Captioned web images
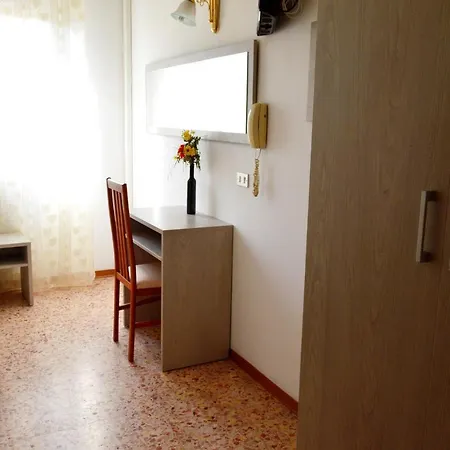 In Guest - New Cirene Triple For 3 People Comfort With Breakfast Maison d'hôtes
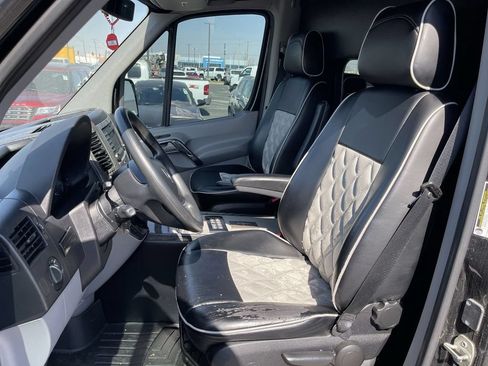 Used 2016 Mercedes-Benz Sprinter 3500 image 7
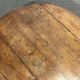 Table basse ovale en sapin début XXème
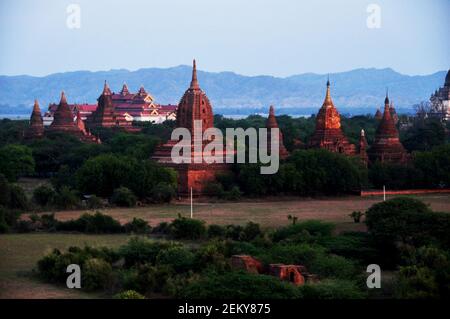 Blick Landschaft Ruinen Stadtbild Weltkulturerbe mit über 2000 Pagoden und Htilominlo Tempel Blick von Shwesandaw Paya Pagode in Morgenzeit bei B Stockfoto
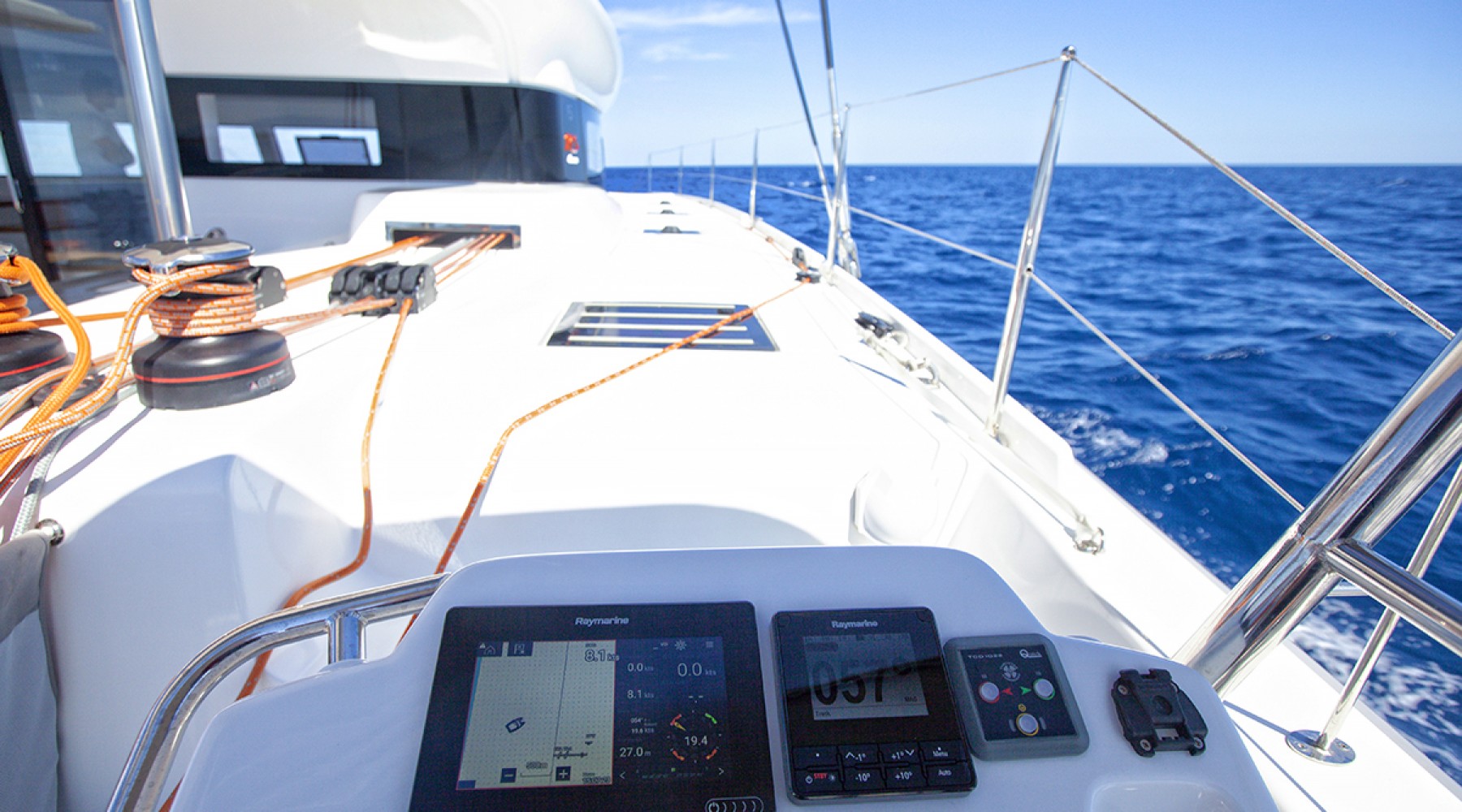 excess_15_foto_catalogo_excess_catamarans_excess_15_03_electronica_puesto_de_mando.jpg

Work to complete
Text only, no pictures: copy every entry exactly.

Result of the exercise
 In Guest - New Cirene Triple For 3 People Comfort With Breakfast Maison d'hôtes
 Used 2016 Mercedes-Benz Sprinter 3500 image 7
 Table basse ovale en sapin début XXème
 Blick Landschaft Ruinen Stadtbild Weltkulturerbe mit über 2000 Pagoden und Htilominlo Tempel Blick von Shwesandaw Paya Pagode in Morgenzeit bei B Stockfoto
 excess_15_foto_catalogo_excess_catamarans_excess_15_03_electronica_puesto_de_mando.jpg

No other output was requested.